Stereoselective metabolism of verapamil and four other chiral drugs by cDNA expressed CYP450's.

摘要

Stereoselectivity in pharmacokinetics, pharmacodynamics and drug metabolism has critical impact in the drug development. We systematically studied the stereoselectivity in the in vitro metabolism of verapamil, propranolol, warfarin, metoprolol, and 4-[benzyl(tert-butyl)amino]-2-phenyl-2-pyridin-2-ylbutanamide (PPY) enantiomers, as catalyzed by different cDNA-expressed cytochrome P450 isozymes.; In our studies, we reported verapamil stereo selectivity by human CYP3A4, CYP3A5, CYP3A7, CYP2C8, CYP2C19, CYP2C9, CYP2D6, and CYP2B6, propranolol stereoselectivity by human CYP1A1, CYP1A2, CYP2D6, CYP2C19, and CYP1Bl, warfarin stereoselectivity by human CYP1A1, CYP1A2, CYP2C9, and CYP2C19, metoprolol stereo selectivity by human CYP2D6, PPY stereoselectivity by human CYP3A4, CYP3A5, CYP2C8, CYP2C18, and CYP2C19.; Atypical kinetics was observed in verapamil, propranolol, and PPY studies.
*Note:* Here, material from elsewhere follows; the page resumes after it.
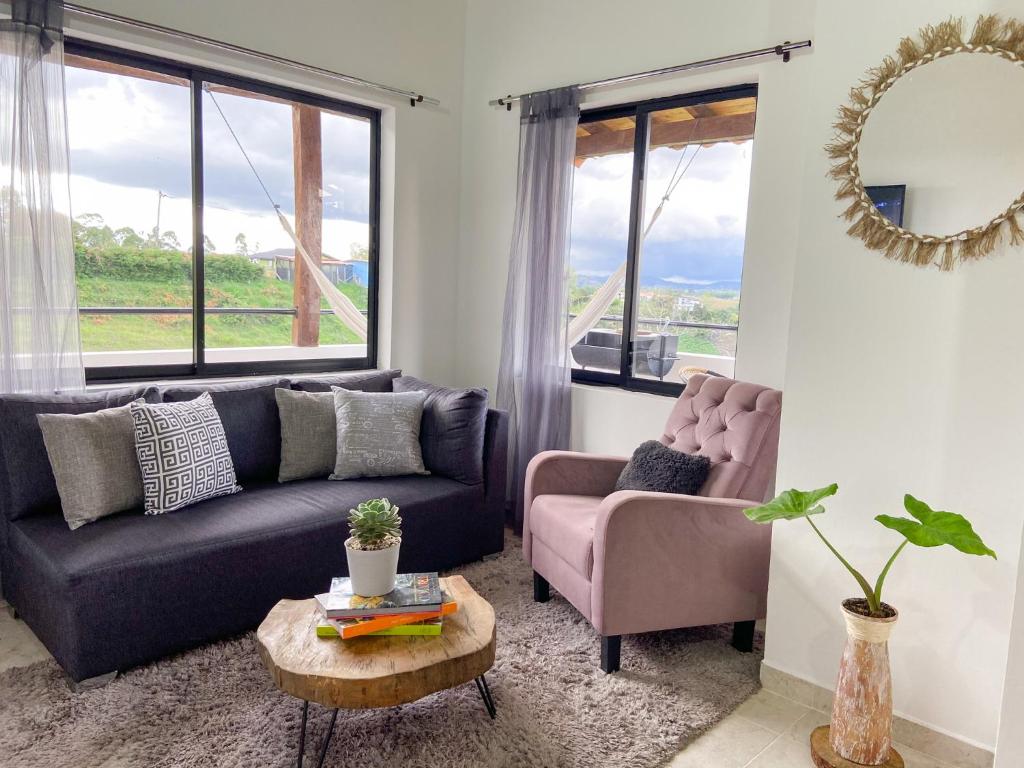 Posezení v ubytování Cabañas con jacuzzi y chimenea - Casa Floral, Marinilla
The kinetic metabolism of verapamil enantiomers by different cDNA-expressed isozymes displayed atypical kinetic profiles: substrate inhibition and biphasic kinetics with CYP3A4, CYP3A5, substrate inhibition with CYP3A7, CYP2C8, CYP2D6, autoactivation with CYP2C9, CYP2C19, and CYP2B6. Midazolam, testosterone, and nifedipine inhibition data with CYP3A4, CYP3A5, and CYP3A12 displayed differential inhibition, inhibitor-dependence, metabolite-dependence, and enantiomer-dependence. Propranolol enantiomer metabolism by CYP1A2 and CYP2C19 displayed biphasic kinetic profile. (+)-PPY and (−)-PPY metabolism by cDNA-expressed CYP3A4 and CYP3A5 displayed biphasic kinetic profile. Finally, a two binding-site model was proposed to explain the atypical kinetics and inhibition data observed.